This post continues from Part One, where we walked through how to securely onboard a production-scale fleet of IoT devices streaming telemetry data to your Google Cloud environment via IoT Core and Pub/Sub, and Part Two, where that data was moved seamlessly from Pub/Sub to BigQuery via Dataflow, then visualized with Data Studio.
If you have been following along with my previous articles, you have enjoyed setting up temperature sensors throughout your home and watched as their live-streamed data flows seamlessly into GCP, ultimately landing in Google’s data warehouse service BigQuery. What now? How can we make practical use of this data?
To answer those questions, I would like to demo a working example using one of BigQuery’s most unique and powerful features: BigQuery ML.
If you have not followed along with the previous articles, fear not! I have made my dataset available on Kaggle; feel free to use that as you follow along.
BigQuery ML Overview
Unlike other data warehouse services, machine learning training and deployment is built right into BigQuery. Both training and deployment are performed with SQL-like commands that are simple to construct.

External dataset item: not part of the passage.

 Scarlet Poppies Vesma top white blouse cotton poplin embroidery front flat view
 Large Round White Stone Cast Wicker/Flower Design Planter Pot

With only a few lines of SQL-esque code, you can specify the type of model to create, such as models based on logistic or linear regression, k-means clustering, deep neural networks, and so on. Or, you can leave it up to Google by creating an AutoML Tables model, as we will do in this article. Most models require no specifications beyond providing the label and feature columns.
Before we can jump into the specifics of how to initiate ML training within BigQuery, we must first determine how raw temperature data can be used as a predictive model and what data transformations need to take place prior to model construction. Machine learning is 90% data preparation, after all.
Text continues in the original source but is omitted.